If you are having trouble viewing the embedded video below, try the direct Youtube link.

Invest 97L remains elongated today, with the main low centered just north of Barbados, but the overall circulation extending for hundreds of miles WSW and ENE of that location. The system has made no westward progress during the last 24 hours due to low pressure feeding back in a favorable environment near the lesser Antilles. The system should eventually assume a general WNW motion. Due to slower movement than expected, 97L is likely to gain latitude as the subtropical ridge to the north is weakened by a front off of the Carolinas in a few days, and interaction with the greater Antilles appears likely. Heavy rains will be the main concern for the mountainous areas of Puerto Rico, Hispaniola, and Cuba as the system moves somewhat lethargically northwestward. Although the exact track of the system remains uncertain due to its broad nature and vulnerability to center reformations, the system is expected to end up in the general vicinity of Cuba or the Bahamas in 4-6 days. This solution is supported by the 12z runs of the ECMWF and UKMET.

The current environment around 97L remains rather favorable, with anticyclonic wind flow aloft, and a deep moisture field from the surface to 700mb. The main impediment to development remains the system’s elongated structure, being exacerbated now by interaction with another low pressure system to the ESE that is closing distance with 97L. As the system moves westward, development, if any, is expected to be slow, as the system will take time to consolidate, and the central Caribbean trade winds tend to cause low-level divergence and hostile conditions for tropical waves. Potential interaction with Hispaniola and Cuba may also hamper development. However, if 97L can consolidate over open water north or south of the big islands, the environment will become mostly favorable for development of a tropical cyclone late this week and possibly into next week once the system gets farther west and north. With a disturbance this large, we are in a bit of a wait and see game to see if it consolidates, and if so, where and when.
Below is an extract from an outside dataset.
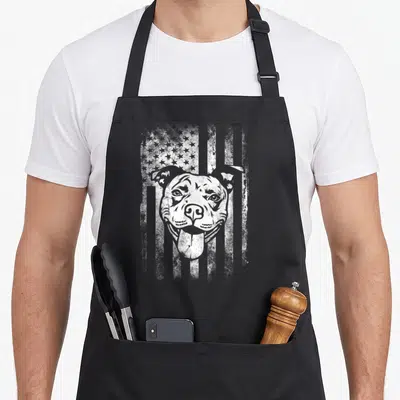 Pitbull american flag apron - White distressed dog head superimposed over a weathered American flag pattern — shown on a black cotton canvas apron against a white background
Elsewhere, a tropical wave moving across central America into the western Gulf of Mexico will be monitored for potential development in an unstable atmosphere. For now, no computer models show significant development. A tropical wave is forecasted by most of the global models to develop off of Africa in about a week from now. This will be discussed more once the timetable gets closer.


10 comments

   

Comments

  • stefanie says:

    Thanks Levi. 🙂

  • Kim says:

    Thanks Levi!!

  • Brandon says:

    Thanks Levi

  • Mike says:

    Great Video Levi!

    Do you think that there is any chance that with a system that has provided this much uncertainty thus far, if it does develop, could be any threat to the gulf coast, or the US coast at all? It seems that the general consensus seems to be that in a few days it will curve to a more northerly direction, but i know that with systems that have yet to develop it can be tricky to predict, especially when there is no aircraft data on it yet.

    • Levi says:

      It is definitely within the realm of possibility that the US could see weather from this system down the road, but that is a long way away.

  • jrrp says:

    nice video

  • Matt says:

    Love these updates! you should do one every day!

  • CapeFearCaner says:

    Thanks Levi, it will be interesting to see if it can find a way to make it across the high mountainous terrain of Hispaniola without being shredded to pieces. If it can, I think it has a shot at developing into something of significance.

  • rod bertelsen says:

    Best to you. Been tuned into your analyses for years. Thoughtful, well presented; sometime wrong in hindsight; sometimes brilliant. Getting a slow moving system like 97L into a good prediction is one of the most challenging a met could ever have. again – best to you.